▶

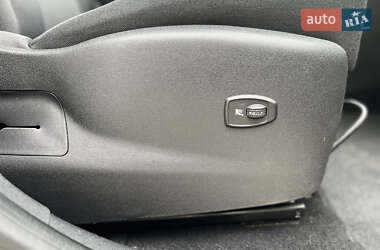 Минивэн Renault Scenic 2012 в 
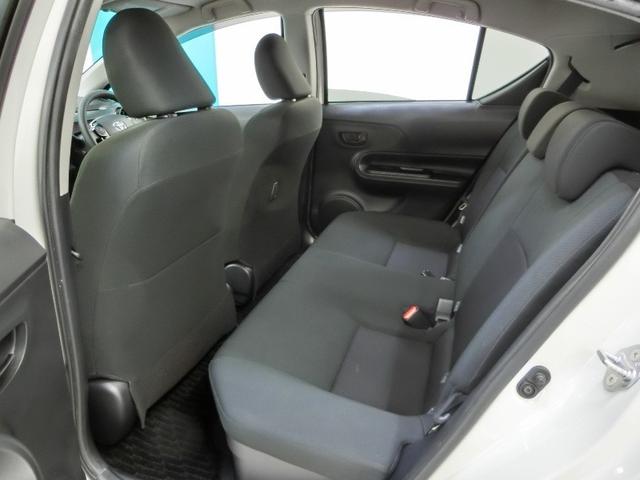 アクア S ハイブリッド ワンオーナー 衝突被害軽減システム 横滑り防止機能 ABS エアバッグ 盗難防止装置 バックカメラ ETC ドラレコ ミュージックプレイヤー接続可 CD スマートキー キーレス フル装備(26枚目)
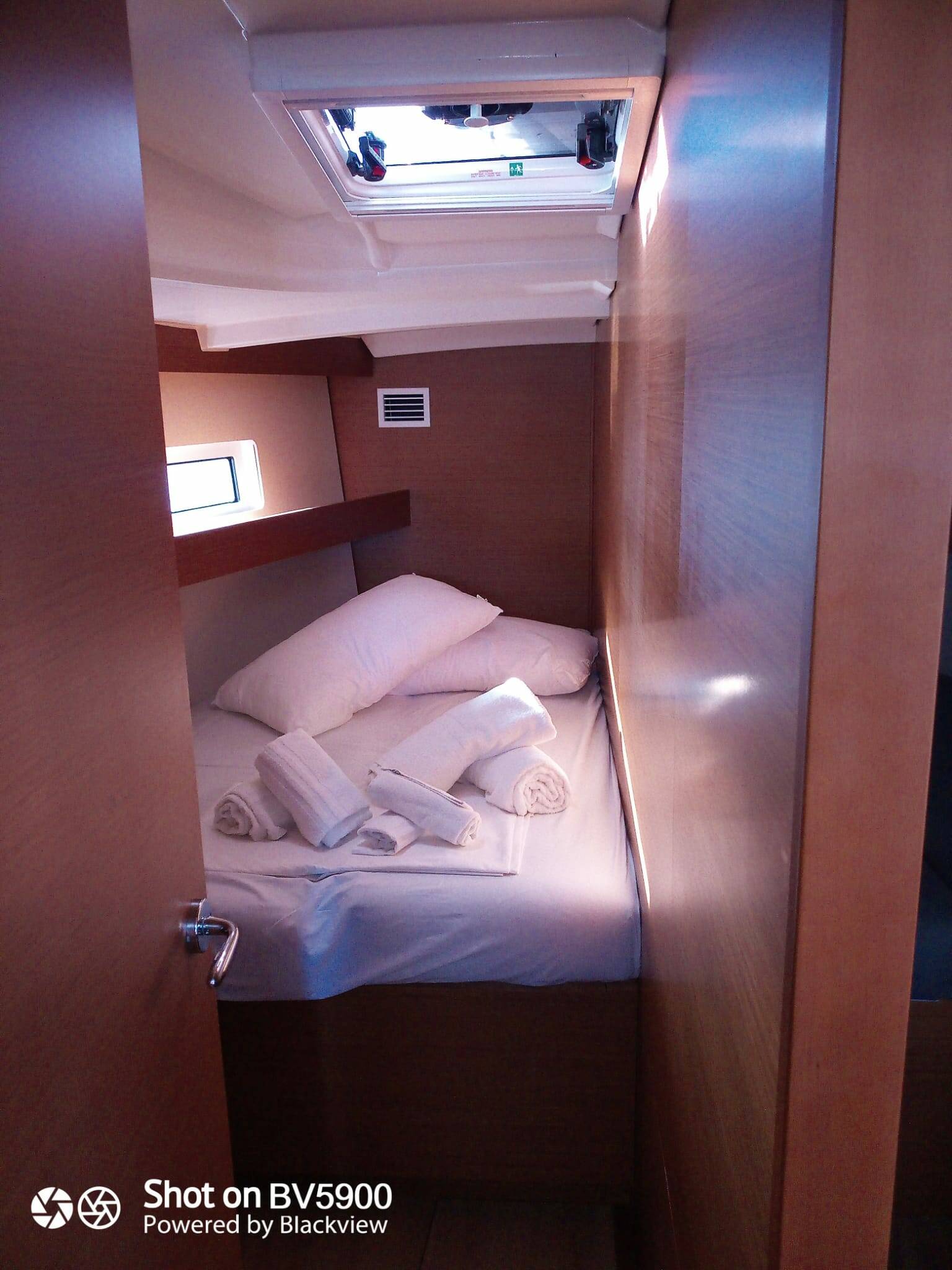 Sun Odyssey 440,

◀
▶

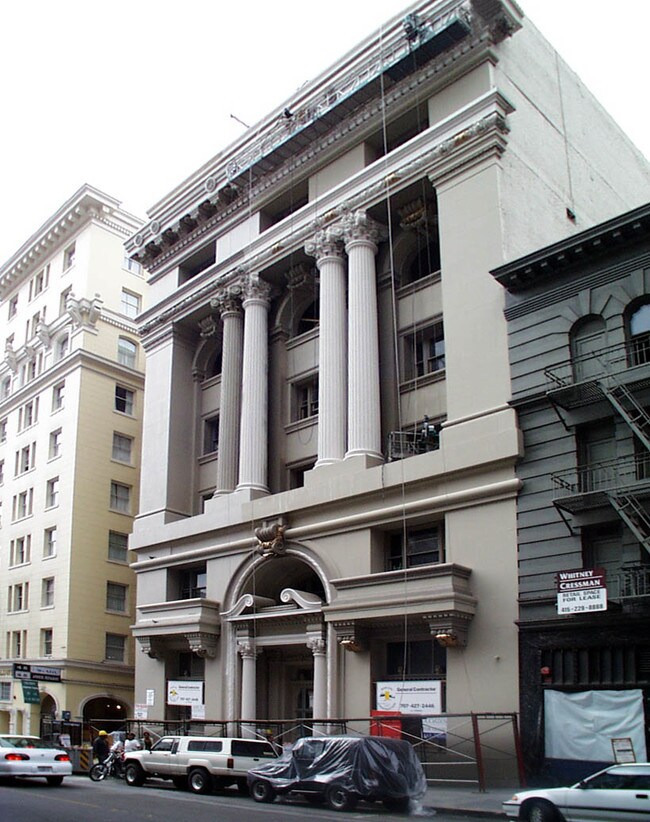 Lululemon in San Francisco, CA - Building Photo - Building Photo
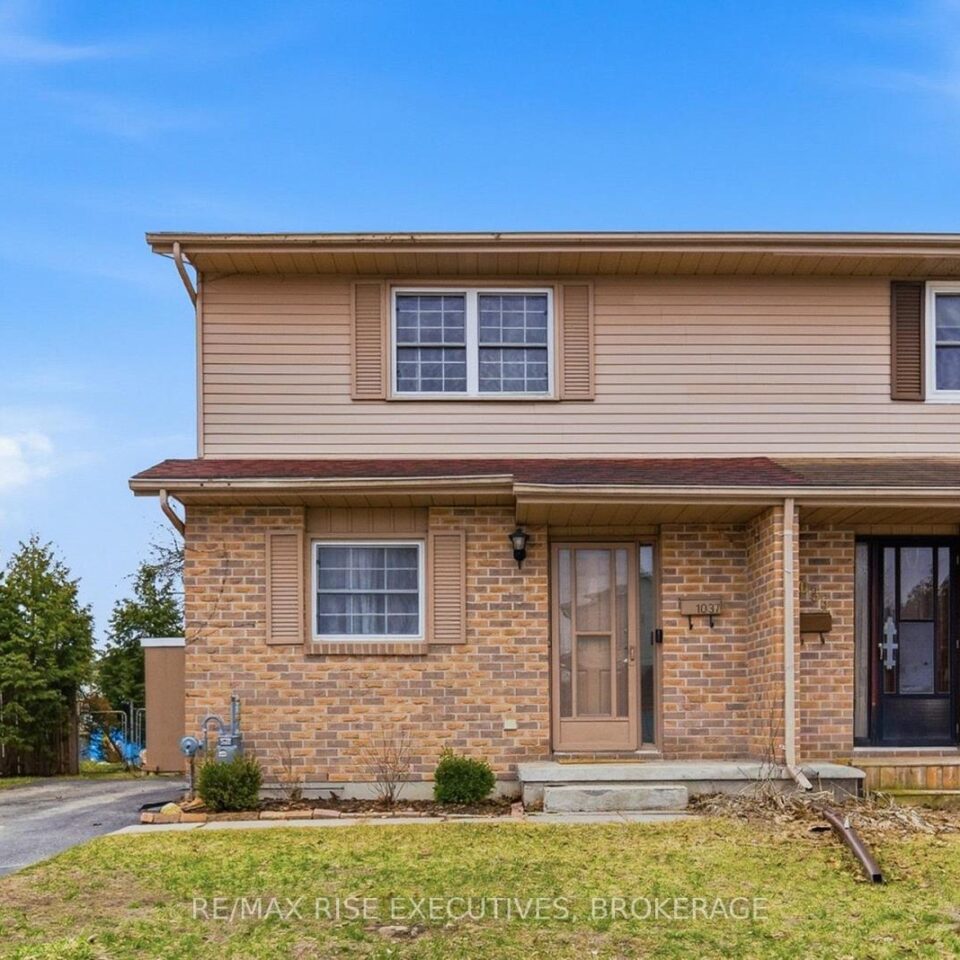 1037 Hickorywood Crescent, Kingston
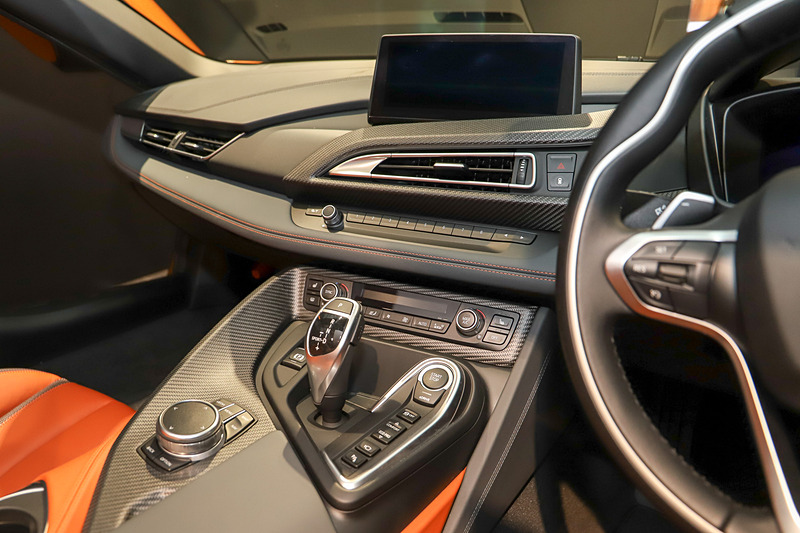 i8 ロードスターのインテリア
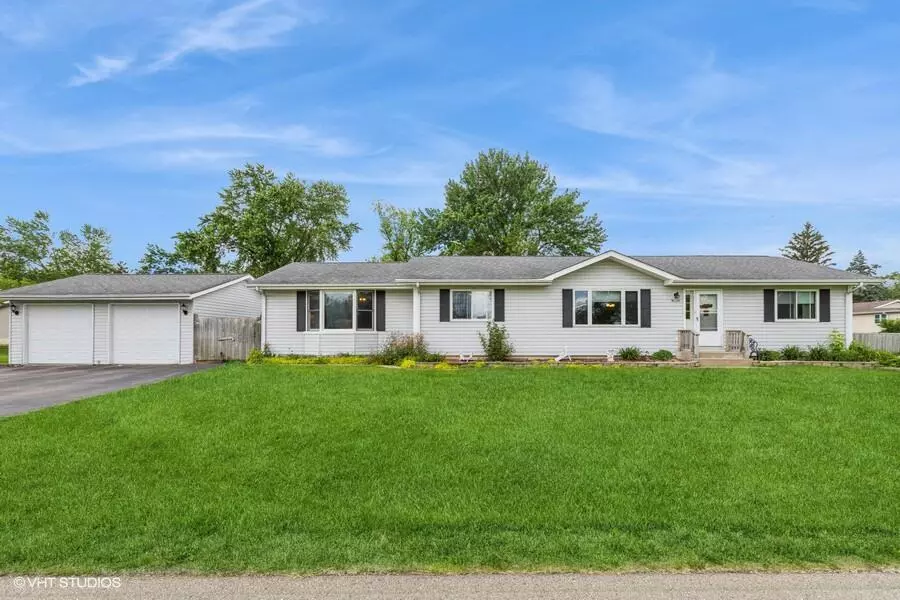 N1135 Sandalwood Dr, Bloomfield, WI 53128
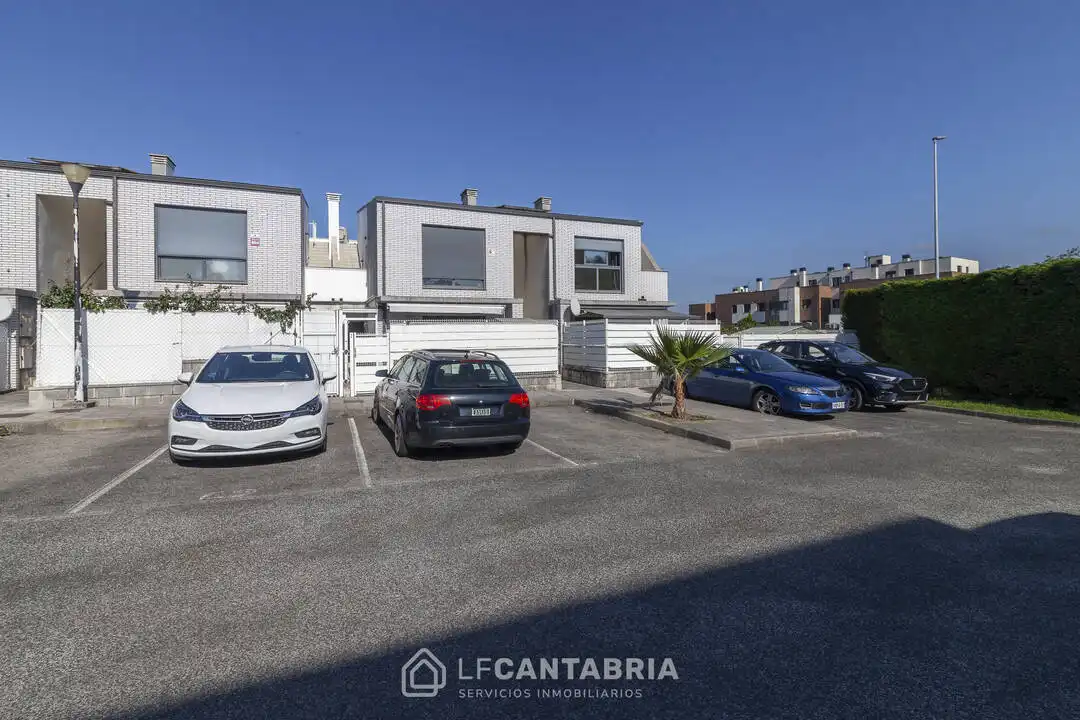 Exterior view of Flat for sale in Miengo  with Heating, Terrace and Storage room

◀
▶

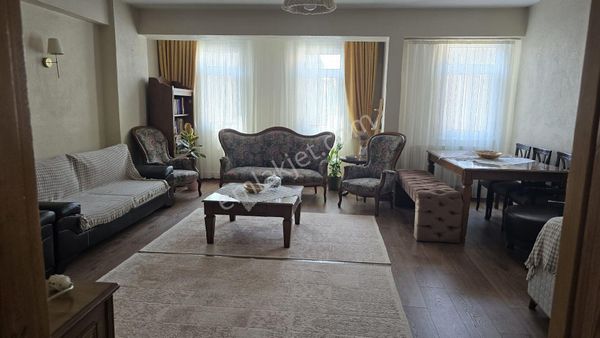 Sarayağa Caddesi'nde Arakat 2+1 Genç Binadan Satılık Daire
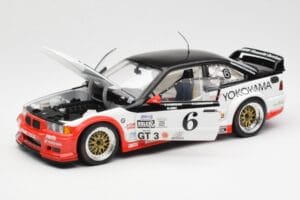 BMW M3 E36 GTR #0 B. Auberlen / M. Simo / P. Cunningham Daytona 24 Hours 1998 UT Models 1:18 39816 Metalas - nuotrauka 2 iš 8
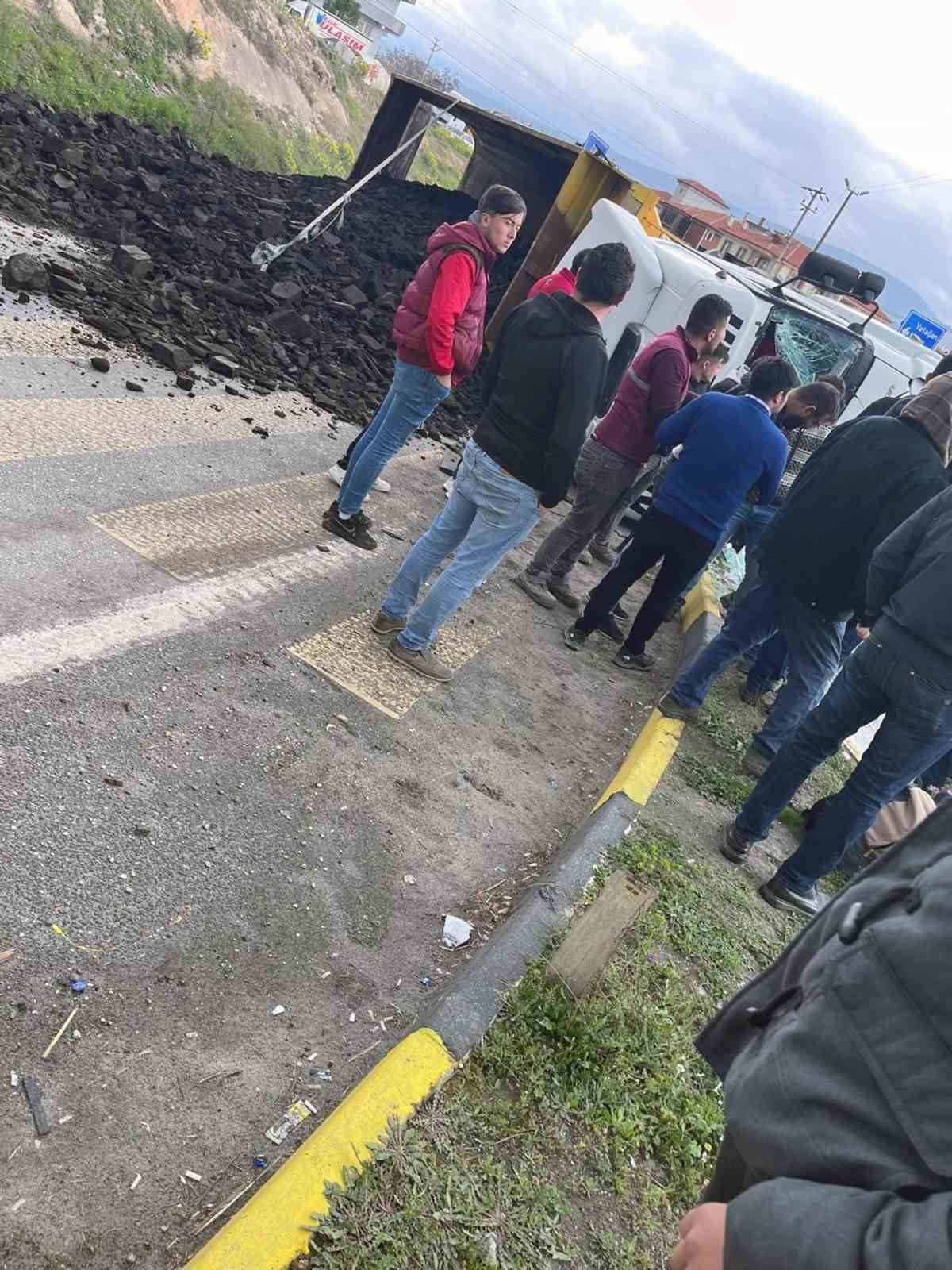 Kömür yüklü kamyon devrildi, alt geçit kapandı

◀

* WHAT YOU HAVE TO DO *
Pictures in the entries do not go into the copy. Print only the lines starting at the one containing "Sarayağa Caddesi'nde Arakat" and ending at the one containing "Kömür yüklü kamyon", exactly as they appear.

* RESULT FOR THIS TASK *
 Sarayağa Caddesi'nde Arakat 2+1 Genç Binadan Satılık Daire
 BMW M3 E36 GTR #0 B. Auberlen / M. Simo / P. Cunningham Daytona 24 Hours 1998 UT Models 1:18 39816 Metalas - nuotrauka 2 iš 8
 Kömür yüklü kamyon devrildi, alt geçit kapandı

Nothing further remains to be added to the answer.